# Feeling the spine?



## treasuresandstuff (Jun 28, 2010)

Please note I have only had these guys about 3 weeks now.

During todays grooming I noticed I can feel every single vertebrae in their spines. I can count their ribs with my fingers with definite dips between each. I can feel the bones in their legs. 

It has been a few years since I raised SAs. I can not remember how thin is healthy and when it becomes an issue. When I got these two it was awful. I cried for each.
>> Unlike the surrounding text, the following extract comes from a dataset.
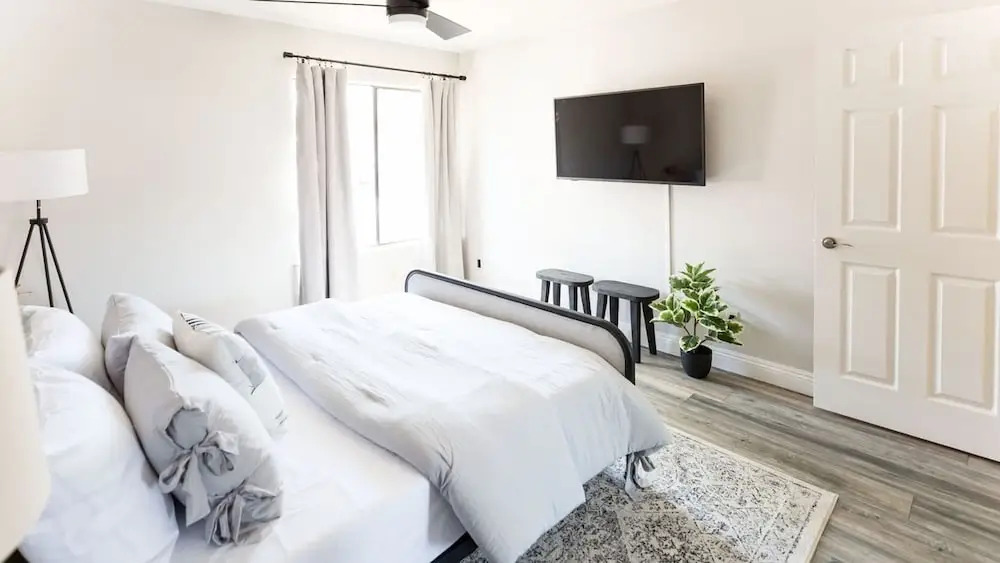 Stylish Old Town 2 Bdrm Ground Floor Condo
Diamond was with a couple of dead rabbits and Burnie was so badly matted he freaked if you touched him.

Now they are both accepting handling and are becoming sweeter than they were, we have noticed how terribly thin they are. Should I increase their feed rations? She weighs maybe 2lbs and is about 11 weeks old, he is 1.5 years old and I would say weighs3.5-4.5 lbs but he feels so thin! Here are new pics of them. Her coat is too full and healthy to show how boney she is, but with him you get an idea because we have to keep him clipped.
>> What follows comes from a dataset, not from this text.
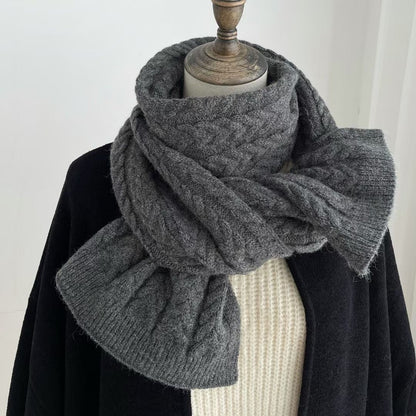 Écharpe en maille torsadée gris anthracite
There is a definite dip between his shoulder blades I have never seen in a rabbit before, she has it too but is too fluffy to see it on. Also is she a BEW or REW? I can never remember how to tell the difference.


----------



## Tweetiepy (Jun 28, 2010)

BEW is blue-eyed-white & REW is red-eyed-white

Cute bunnies though


----------



## treasuresandstuff (Jun 28, 2010)

I know that but look at her eyes. The iris is blue but the pupil is red. A lot of "REWs" I have seen are like this but so are some of the ones marked "BEWs". How do you know which she is? She is about 11 weeks old.

And um, how thin is too thin? I'm very concerned about how skinny these two are. They will be seeing the vet, as we can but wanted you guys opinions too.


----------



## Jaded (Jun 28, 2010)

Up his pellets.


----------



## treasuresandstuff (Jun 28, 2010)

ok. Thanks.


----------



## jcl_24 (Jun 29, 2010)

Even with all that fur, the lop-eared bun justlooks too thin.

I don't know what weight the little white bun should be, but if they have bothcome to you from a place where they were seriously neglected, extra balanced nutriton such as pellets surely cannot hurt.

The dietry requirements of the 11 week old rabbit might be more delicate than for the adult rabbit, so if she eats extra, keep an eye on her (in case stomach problems arise).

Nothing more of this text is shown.